$639,745 Snatched From MOST Fund

By Alicia McNally

Motorcycle safety took another financial hit in the 2009-2010 legislature.

HB-1316, which was signed in March, slashed more than $600,000 from the MOST (Motorcycle Operator Safety Training) program fund to balance Colorado’s looming $1billion shortfall for 2010-2012.

“Everyone had to get a haircut,” said Gov. Bill Ritter said at a business and legislative panel in downtown Denver on May 21. “I felt I didn’t have any options but to do it in a fair and balanced economy. The problem always was that any place we decided not to take money from, we had to take from education.”

The bill, which Governor Ritter signed on March 10, 2010, took $639,745 from the MOST fund. Similar actions have taken $704,425 from the MOST fund in 2009, and another $605,257 in 2008. These reallocations took place despite the fact that the statute creating the MOST fund, 43-5-504 C.R.S., clearly states that, “Moneys credited to the fund shall remain therein at the end of each fiscal year and shall not be transferred to any other fund.”

Rep. Marsha Looper, who fought for an audit of MOST that will begin this summer, said expenditures within the fund have increased by more than half a million dollars. This year’s audit for MOST will be its first in 15 years.

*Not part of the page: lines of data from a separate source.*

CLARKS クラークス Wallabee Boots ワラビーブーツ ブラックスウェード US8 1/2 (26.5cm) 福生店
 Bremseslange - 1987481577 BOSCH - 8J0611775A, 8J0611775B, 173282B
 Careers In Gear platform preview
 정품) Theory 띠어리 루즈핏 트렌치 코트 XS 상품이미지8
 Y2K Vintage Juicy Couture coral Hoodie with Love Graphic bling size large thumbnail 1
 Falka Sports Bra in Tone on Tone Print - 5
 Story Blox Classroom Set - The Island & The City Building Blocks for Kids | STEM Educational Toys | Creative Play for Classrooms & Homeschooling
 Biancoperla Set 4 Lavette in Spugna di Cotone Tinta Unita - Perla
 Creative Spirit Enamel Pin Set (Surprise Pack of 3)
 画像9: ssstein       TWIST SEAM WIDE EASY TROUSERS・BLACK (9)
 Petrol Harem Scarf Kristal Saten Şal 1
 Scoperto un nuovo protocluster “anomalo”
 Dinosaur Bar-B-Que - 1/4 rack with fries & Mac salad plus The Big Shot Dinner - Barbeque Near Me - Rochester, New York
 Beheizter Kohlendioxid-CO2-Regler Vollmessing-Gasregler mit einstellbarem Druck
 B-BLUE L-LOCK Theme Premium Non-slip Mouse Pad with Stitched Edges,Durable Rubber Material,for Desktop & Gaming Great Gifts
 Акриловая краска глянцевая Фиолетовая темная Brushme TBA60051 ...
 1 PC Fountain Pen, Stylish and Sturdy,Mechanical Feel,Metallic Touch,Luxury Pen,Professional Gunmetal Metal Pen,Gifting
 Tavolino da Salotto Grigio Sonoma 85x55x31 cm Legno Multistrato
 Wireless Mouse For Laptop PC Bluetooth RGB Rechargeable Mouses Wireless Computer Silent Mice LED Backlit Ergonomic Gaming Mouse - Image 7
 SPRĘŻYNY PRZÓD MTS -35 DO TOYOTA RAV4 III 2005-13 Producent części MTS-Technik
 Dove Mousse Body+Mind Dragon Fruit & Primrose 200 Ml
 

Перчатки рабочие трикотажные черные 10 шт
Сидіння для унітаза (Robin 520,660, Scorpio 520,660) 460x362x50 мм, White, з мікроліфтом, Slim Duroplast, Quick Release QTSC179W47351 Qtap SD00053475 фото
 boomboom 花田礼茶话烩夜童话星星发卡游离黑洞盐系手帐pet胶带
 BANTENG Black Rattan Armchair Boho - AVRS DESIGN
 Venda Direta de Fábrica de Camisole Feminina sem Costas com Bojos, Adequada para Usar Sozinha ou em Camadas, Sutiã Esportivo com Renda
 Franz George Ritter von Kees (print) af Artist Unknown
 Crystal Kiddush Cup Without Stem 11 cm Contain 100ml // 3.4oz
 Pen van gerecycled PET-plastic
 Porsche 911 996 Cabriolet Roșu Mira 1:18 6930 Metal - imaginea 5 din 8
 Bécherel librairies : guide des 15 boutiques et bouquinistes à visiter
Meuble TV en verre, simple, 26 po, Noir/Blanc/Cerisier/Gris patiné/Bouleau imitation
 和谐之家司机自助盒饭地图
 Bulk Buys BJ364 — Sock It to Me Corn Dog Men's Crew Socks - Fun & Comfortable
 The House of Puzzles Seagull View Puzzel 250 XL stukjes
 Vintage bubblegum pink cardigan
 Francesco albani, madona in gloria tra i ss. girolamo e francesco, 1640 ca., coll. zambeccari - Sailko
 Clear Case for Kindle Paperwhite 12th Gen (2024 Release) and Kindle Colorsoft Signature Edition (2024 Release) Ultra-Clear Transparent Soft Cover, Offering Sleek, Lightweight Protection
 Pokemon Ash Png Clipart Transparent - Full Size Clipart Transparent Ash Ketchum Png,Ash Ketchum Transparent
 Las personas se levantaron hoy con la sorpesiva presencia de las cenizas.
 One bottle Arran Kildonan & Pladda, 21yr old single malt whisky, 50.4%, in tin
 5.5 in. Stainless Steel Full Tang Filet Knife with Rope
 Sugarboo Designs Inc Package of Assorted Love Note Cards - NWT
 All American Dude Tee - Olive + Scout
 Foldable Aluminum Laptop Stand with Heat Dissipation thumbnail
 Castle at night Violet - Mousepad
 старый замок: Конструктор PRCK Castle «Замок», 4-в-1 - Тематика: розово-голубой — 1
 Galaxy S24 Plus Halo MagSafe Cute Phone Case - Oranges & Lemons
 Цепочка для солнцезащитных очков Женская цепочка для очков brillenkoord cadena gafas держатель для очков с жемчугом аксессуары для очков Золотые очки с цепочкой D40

“I have questions of whether the program was working properly,” Looper said. “They cannot account for at least 35 percent of the funds. The other 65 percent went to a broad range of expenses, which I don’t think is the intent of the law.”

“The 2007 legislative report was very critical about how the program was run,” said Deborah Napier, an attorney and motorcycle lobbyist who also fought for an audit of the fund. “There’s never been an audit to see how those changes were implemented and how the money was being spent.”

Napier was present for the MOST annual meeting on February 1, 2010, and said the program was spending on unnecessary computer equipment and other IT services.

“In this instance, these are fees we pay for our fees and licenses,” Napier said. “We pay those fees that are set aside for the specific purpose of motorcycle safety. Some of these programs have no tie in motorcycling at all.”